Exercise: Note each line in the data holding the string "Coffee" and report it.

******

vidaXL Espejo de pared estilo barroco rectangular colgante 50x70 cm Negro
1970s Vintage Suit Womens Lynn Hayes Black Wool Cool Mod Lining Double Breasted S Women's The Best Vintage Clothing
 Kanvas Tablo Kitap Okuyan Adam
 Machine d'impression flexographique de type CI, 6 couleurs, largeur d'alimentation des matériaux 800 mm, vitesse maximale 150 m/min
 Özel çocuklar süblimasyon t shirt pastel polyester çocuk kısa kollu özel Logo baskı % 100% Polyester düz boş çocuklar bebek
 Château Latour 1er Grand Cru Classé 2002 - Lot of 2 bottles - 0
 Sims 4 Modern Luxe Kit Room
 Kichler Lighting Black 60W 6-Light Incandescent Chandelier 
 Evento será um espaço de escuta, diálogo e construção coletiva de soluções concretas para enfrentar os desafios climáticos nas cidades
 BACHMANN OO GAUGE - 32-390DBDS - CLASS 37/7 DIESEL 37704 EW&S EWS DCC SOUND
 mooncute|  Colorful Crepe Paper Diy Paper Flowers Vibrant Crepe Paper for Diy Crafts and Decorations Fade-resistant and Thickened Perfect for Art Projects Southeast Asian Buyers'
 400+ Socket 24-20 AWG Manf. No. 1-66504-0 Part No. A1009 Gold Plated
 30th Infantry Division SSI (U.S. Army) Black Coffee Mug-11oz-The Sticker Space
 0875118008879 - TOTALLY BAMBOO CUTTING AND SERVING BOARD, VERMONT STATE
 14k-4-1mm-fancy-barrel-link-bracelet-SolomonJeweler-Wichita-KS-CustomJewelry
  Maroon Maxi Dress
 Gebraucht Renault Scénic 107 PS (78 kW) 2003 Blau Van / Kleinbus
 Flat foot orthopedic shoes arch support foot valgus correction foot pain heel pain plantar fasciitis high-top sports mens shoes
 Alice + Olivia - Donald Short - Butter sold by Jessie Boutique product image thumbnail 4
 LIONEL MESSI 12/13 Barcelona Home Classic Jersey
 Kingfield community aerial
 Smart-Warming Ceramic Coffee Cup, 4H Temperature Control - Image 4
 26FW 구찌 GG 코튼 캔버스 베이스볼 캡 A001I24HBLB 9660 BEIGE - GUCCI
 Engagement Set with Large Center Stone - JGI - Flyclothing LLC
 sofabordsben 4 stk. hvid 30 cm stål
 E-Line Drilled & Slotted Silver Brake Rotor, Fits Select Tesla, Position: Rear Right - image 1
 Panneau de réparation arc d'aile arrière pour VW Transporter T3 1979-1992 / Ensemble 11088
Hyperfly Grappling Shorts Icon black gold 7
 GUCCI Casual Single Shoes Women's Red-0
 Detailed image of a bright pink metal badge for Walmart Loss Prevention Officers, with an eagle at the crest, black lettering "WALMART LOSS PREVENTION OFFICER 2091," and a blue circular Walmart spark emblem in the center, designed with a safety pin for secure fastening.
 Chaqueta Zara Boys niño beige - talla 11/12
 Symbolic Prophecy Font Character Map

******

Solution to this task:
 30th Infantry Division SSI (U.S. Army) Black Coffee Mug-11oz-The Sticker Space
 Smart-Warming Ceramic Coffee Cup, 4H Temperature Control - Image 4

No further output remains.